Q: What did you hear from Mr. Ambet Antonio?
A: 'Barya lang and pinagla-laruan natin.' It's only a (sic) loose change that we are playing with here.
Q: Did you hear any word from Mr. Tuadles?
A: No more, sir."
In sum, it was only Antonio who appeared agitated during the alleged altercation. Tuadles spoke in a soft and cool
voice that Bobis could hardly hear and understand him. The characterization of the argument that preceded the shooting of
is decisive of the issue of treachery. I submit that the argument between Antonio and Tuadles was trivial for it
merelyconcerned the inadvertence of Tuadles to tap the table when making a pass. Nothing in the records shows that Tuadles
violated the rule intentionally. Nothing shows the degree of damage suffered by Antonio as a consequence of Tuadles' omission.

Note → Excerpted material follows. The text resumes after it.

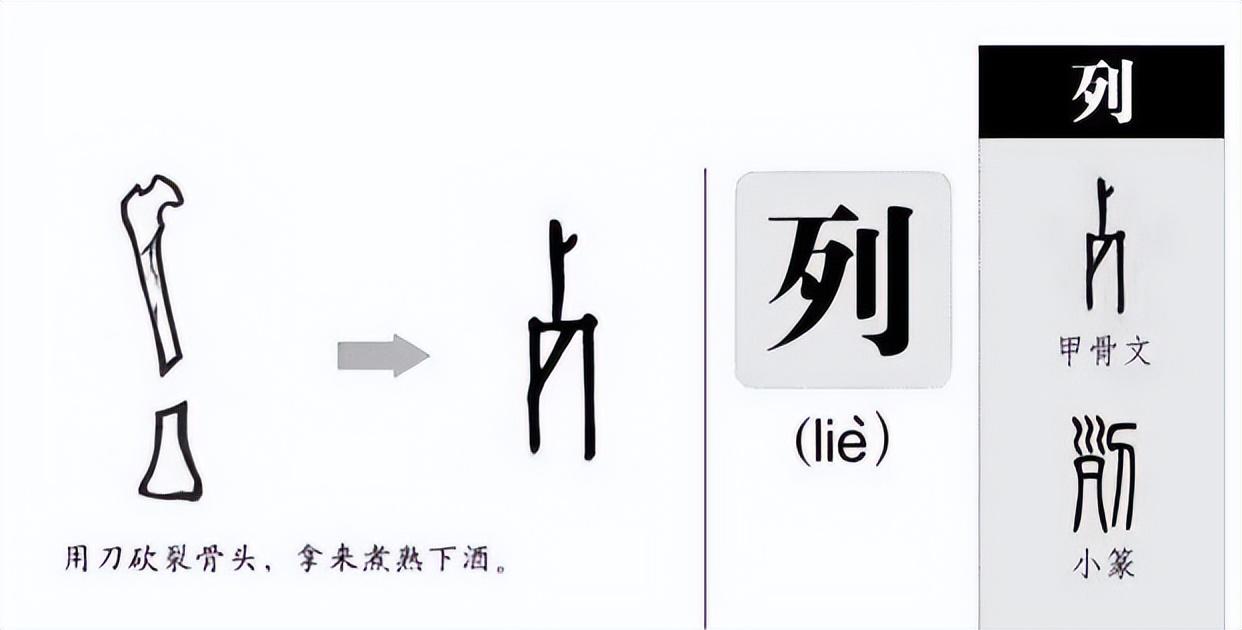 像外星人拿把枪的汉字是啥_你看过吗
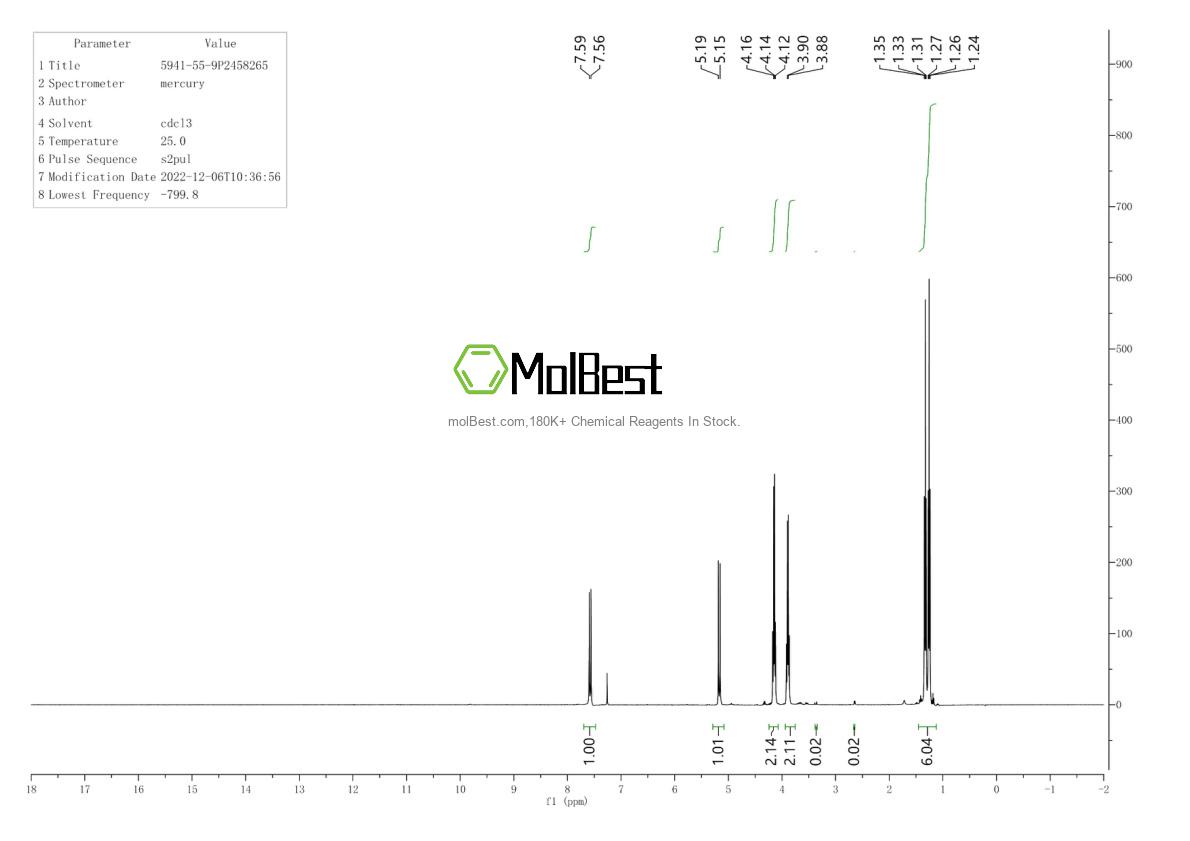 Physical sample testing spectrum (NMR) of 5941-55-9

It is thus my submission that the argument appears to be slight and cannot justify the conclusion that Antonio acted in the heat of
passion or on impulse in killing the victim.
The case of People vs. Cruz 16 is apropos. In said case, the accused and the victim were "compadres" for having stood as
sponsors in the baptism of a common friend. The accused used to drive one of the tricycles of the victim until the latter sold the
tricycle the accused was driving. It was claimed that the accused bore a grudge against the victim because of the said incident.At
any rate, while the victim was talking with a co-tricycle driver along the street while waiting for passengers, the accused
appeared and approached the victim. Upon nearing the victim, accused angrily uttered, "Pare, walang presidente presidente sa
akin" as he simultaneously drew out a gun from the front portion of his waist and shot the victim with it point blank, hitting the
upper left eyebrow of the latter which caused him to fall on the ground. Thereafter, accused left. This Court rejected the claim of
the accused that the shooting was accidental and noted with approval the observation of the Solicitor General that "if the
shooting of the victim were accidental, accused would have come to his aid and taken him to a hospital, instead of abandoning
him." The Court further held that the accused was liable for murder. The victim was unarmed. He did not have the least
suspicion of the accused's design to shoot him. In contrast, accused had a gun. The victim, therefore, had no chance to defend
himself against the latter's frontal attack. Treachery qualified the killing to murder.
With due respect to the majority, I find the killing of the victim Tuadles qualified by treachery. I vote to convict
accused-appellant Antonio of murder as charged.